TEXTOS DO PASSADO: TERCEIRA SINFONIA DE MAHLER PELA OSESP; OU, POR QUE AMAMOS MAHLER? ARTIGO DE FERNANDO RANDAU NO BLOG DE ÓPERA & BALLET.


No último domingo tive a oportunidade de assistir pela primeira vez ao vivo a Orquestra Sinfônica do Estado de São Paulo, sob a competente regência do maestro costa-riquenho Giancarlo Guerrero. Todos os colegas aqui do blog já tiveram a chance de ver o que até então eu só vira pela televisão e através de alguns CDs. Pouco tenho a dizer sobre a atuação da orquestra, a não ser que de fato é, sem dúvida, a melhor de nosso país, dando gosto finalmente poder ouvir um naipe de metais tão bom e cordas que demonstram uma unidade digna o bastante para tocar uma sinfonia de Bruckner, digamos. Se a orquestra iniciou aparentemente cansada, já no final do primeiro movimento estava em plena forma, e minhas únicas restrições ficam com a contralto francesa Nathalie Stutzmann (bonita voz, mas não me cativou) e o coro feminino e infantil.

Com a terceira de Mahler me parece que ocorre o que Carpeaux escreveu sobre a música do Götterdämmerung: barulhenta por fora, mas serena por dentro. Nessa sinfonia que tem cara de tudo, menos de uma sinfonia – uma cantata? Uma suíte? Uma missa pagã? –, como o próprio compositor reconhecia, os momentos mais sublimes são reservados em meio aos rompantes fortíssimos dos metais. Parece-me que as passagens em pianíssimo são as características mais marcantes dessa obra – como no toque da trompa fora do palco sustentado pelos violinos no terceiro movimento – e não as explosões militares e triunfais. Não é o barulho a grande conquista de Mahler aqui, mas apenas a alusão.

Essa foi a terceira vez em que fui a um concerto de Mahler nesse ano. Dois dias antes os cariocas puderam assistir a décima sinfonia completada por Cooke sob a batuta de Mathias Bamer com a OSB, e no final de setembro ainda houve a Titã com Mehta e a Filarmônica de Munique (quem não pôde ir nessa teve a oportunidade de ver o mesmo programa pela Sinfônica de Barra Mansa por um preço mais acessível: R$ 1). Inevitável se perguntar: por que tanto Mahler?
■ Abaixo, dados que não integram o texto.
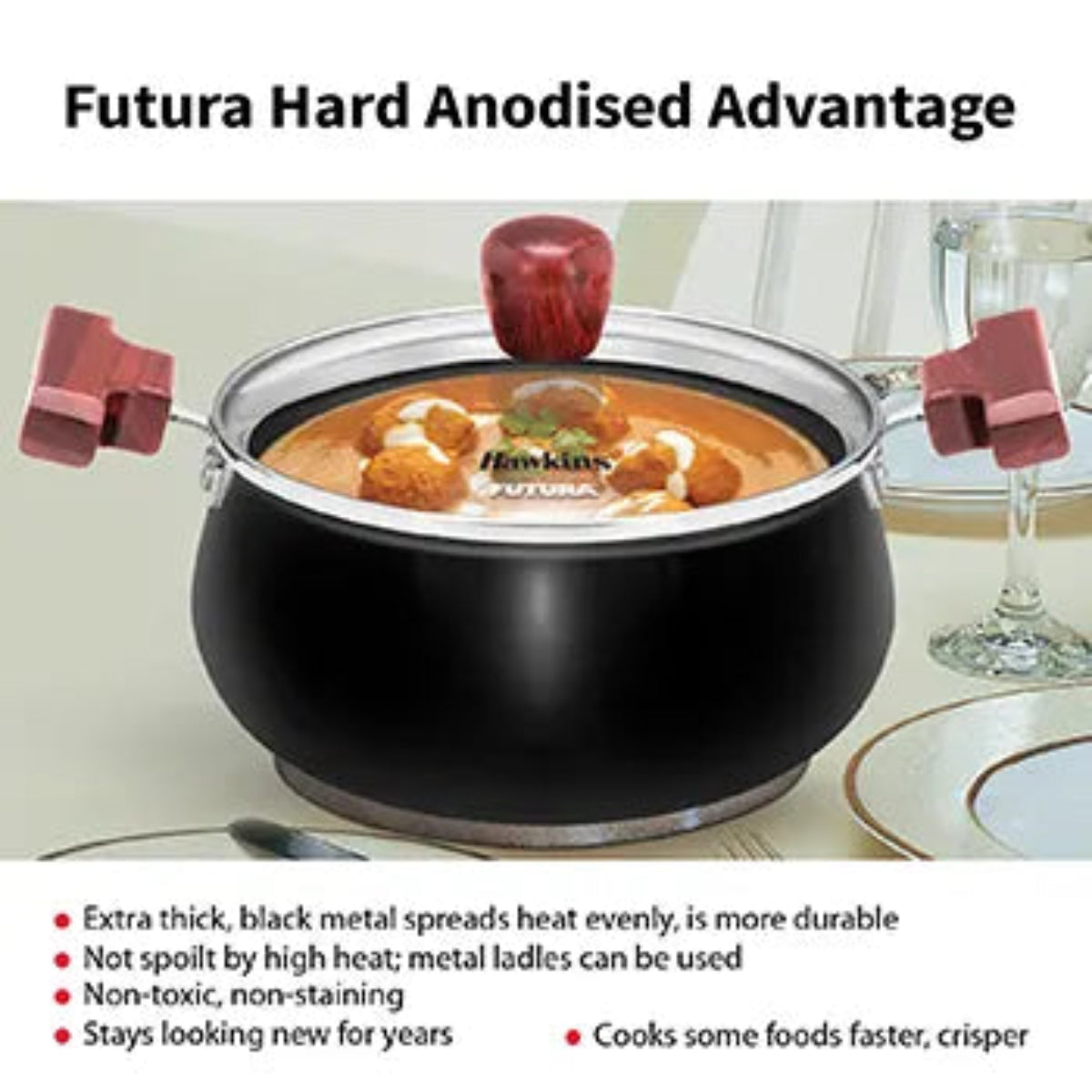 Hawkins Induction Compatible Hard Anodised Cook-n-Serve Handi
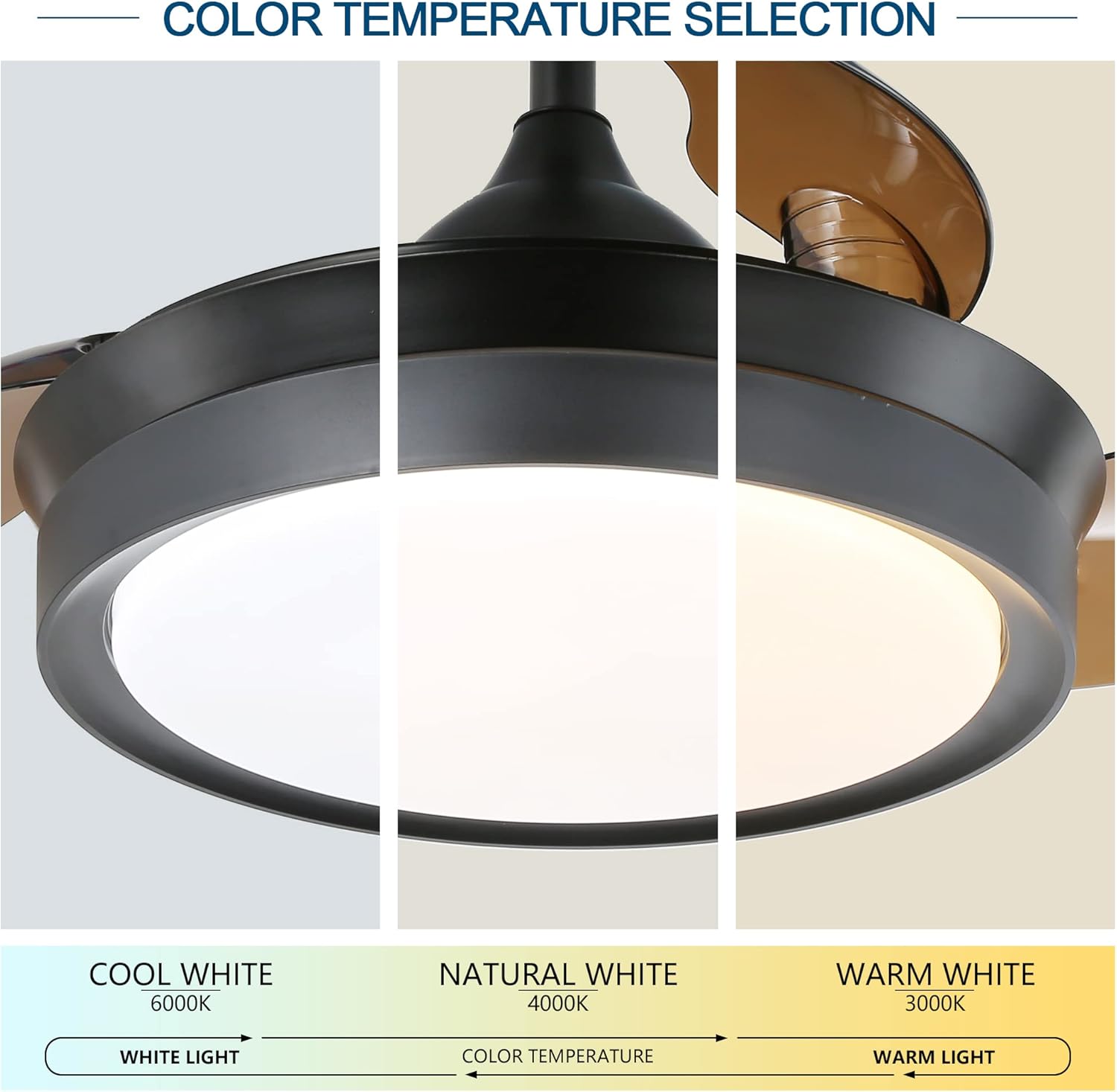Dawn Whisper Ventilador de techo retráctil de 36 pulgadas con luces y control remoto, moderno ventilador de techo con aspas retráctiles, motor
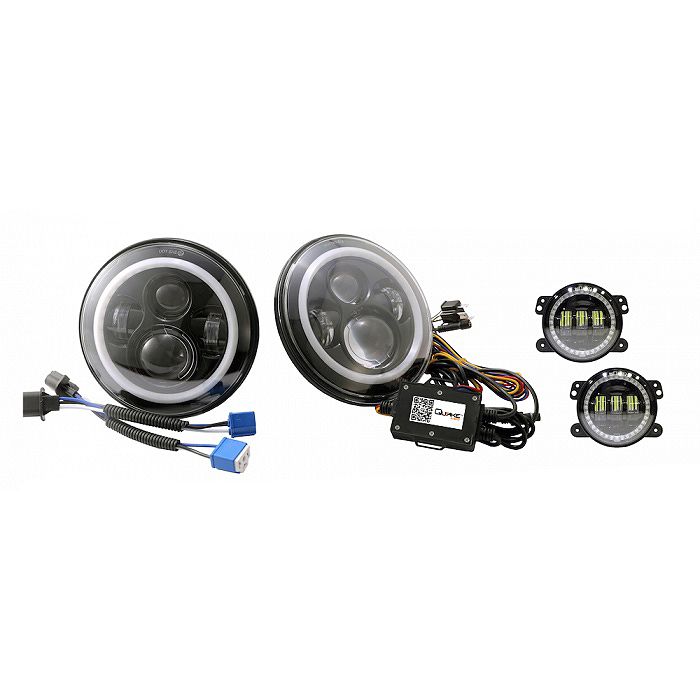 Quake LED Tempest 7インチ 45W ヘッドライト/30W フォグライト RGB HDアクセント ジープ JK/CJ/TJ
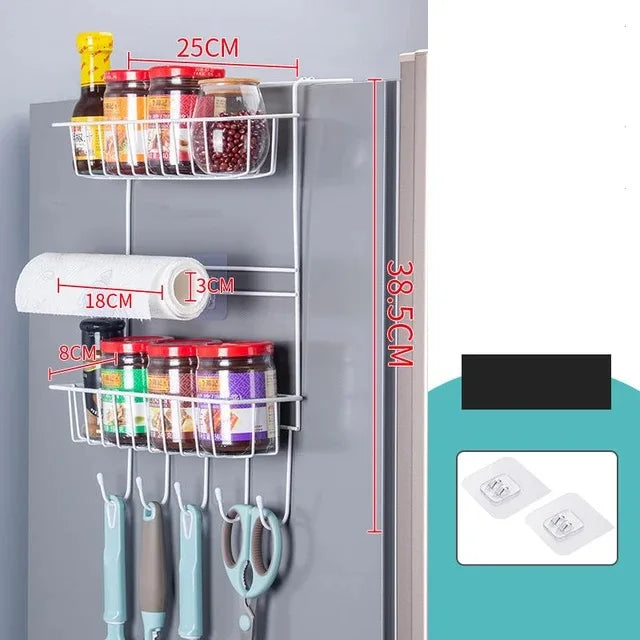 Kitchen Organizer Side Shelf Fridge Wall Hanger Storage Rack Bottle Refrigerator Shelf Spice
    Mahler está em toda parte. Todo maestro que se pretenda sério rege Mahler – mesmo Norrington já gravou a Titã com instrumentos de época (?!) –; há diversas integrais das sinfonias para todos os gostos, personagens de novelas citam Mahler, Prince – sim, o cantor dos anos 80 – menciona Mahler numa música, Mahler aparece nos filmes de Woody Allen, Mahler é o compositor preferido de uma imensidão de melômanos e até mesmo uma extravagante porta de entrada para muitos, como Gilbert Kaplan que estudou regência apenas para executar a segunda sinfonia de Mahler. Tudo Mahler, Mahler, ah Mahler… Quando Mahler disse que seu tempo viria tenho dúvidas se ele achava que viria a ser centro das atenções desse tempo – o equivalente ao Zeitgeist. Enfim, “Mahler Lives, Mahler Grooves”.

   Por que tudo isso? Essa mahlermania não é recente, é claro. Deixo de lado aqui questões como as preferências dos diretores de orquestras, da conveniência dos programas sinfônicos ou de seu uso em trilhas sonoras várias, e mesmo nas peculiaridades das partituras de Mahler para me concentrar no que faz um ouvinte comum ser fascinado por Mahler, considerando sua música tão acessível quanto profunda.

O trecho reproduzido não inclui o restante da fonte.